ACTION ITEM: Because the copy must hold no pictures, return the data below with all of its words intact.

SUPPLIED DATA:
====
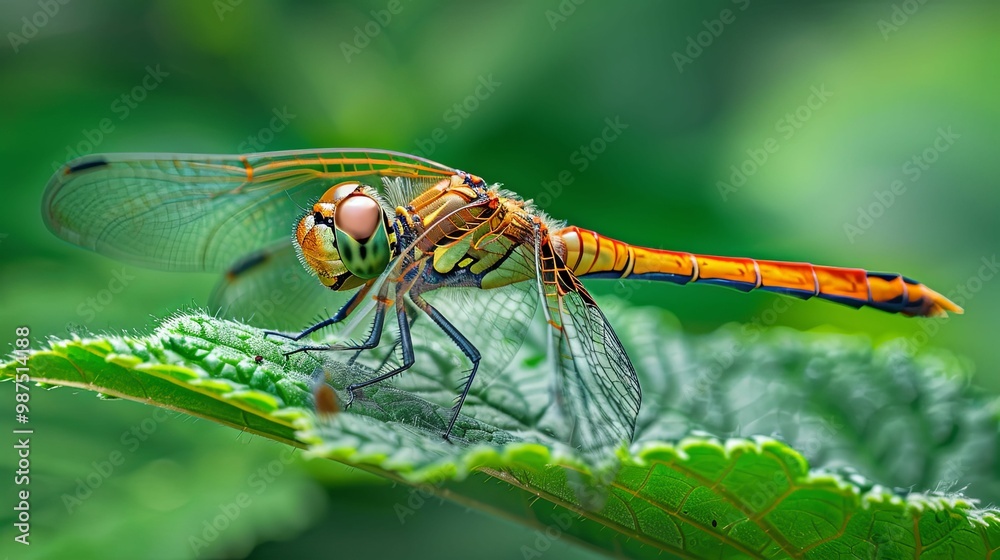 A Vibrant Dragonfly Perched on a Green Leaf A Vibrant Dragonfly Perched on a Green Leaf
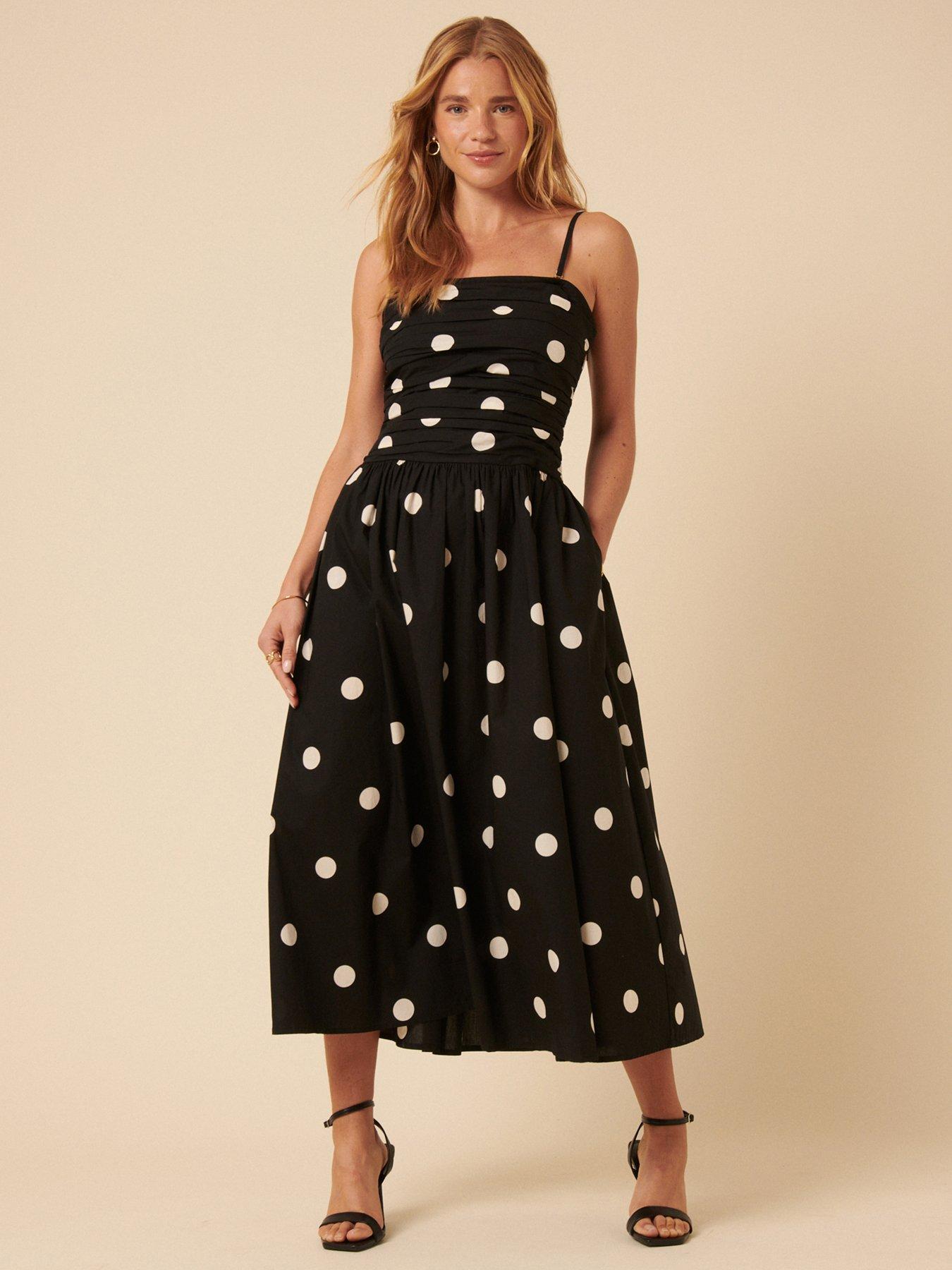Nobodys Child Polka Dot Bandeau Felicity Midi Dress - Black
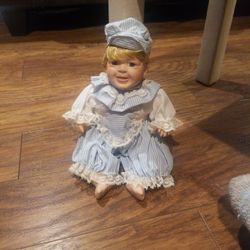 Vintage Camelot Sitting Porcelain Baby Boy Doll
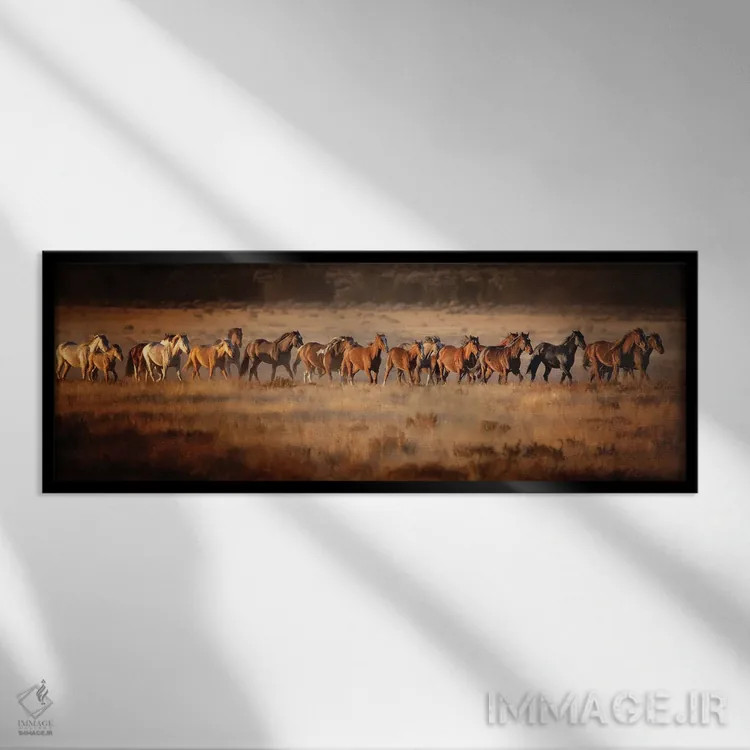 تابلو دویدن اسب VII اثر پیاچ برچت - نمای قابدار مشکی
====
EXERCISE SOLUTION:
 A Vibrant Dragonfly Perched on a Green Leaf A Vibrant Dragonfly Perched on a Green Leaf
Nobodys Child Polka Dot Bandeau Felicity Midi Dress - Black
 Vintage Camelot Sitting Porcelain Baby Boy Doll
 تابلو دویدن اسب VII اثر پیاچ برچت - نمای قابدار مشکی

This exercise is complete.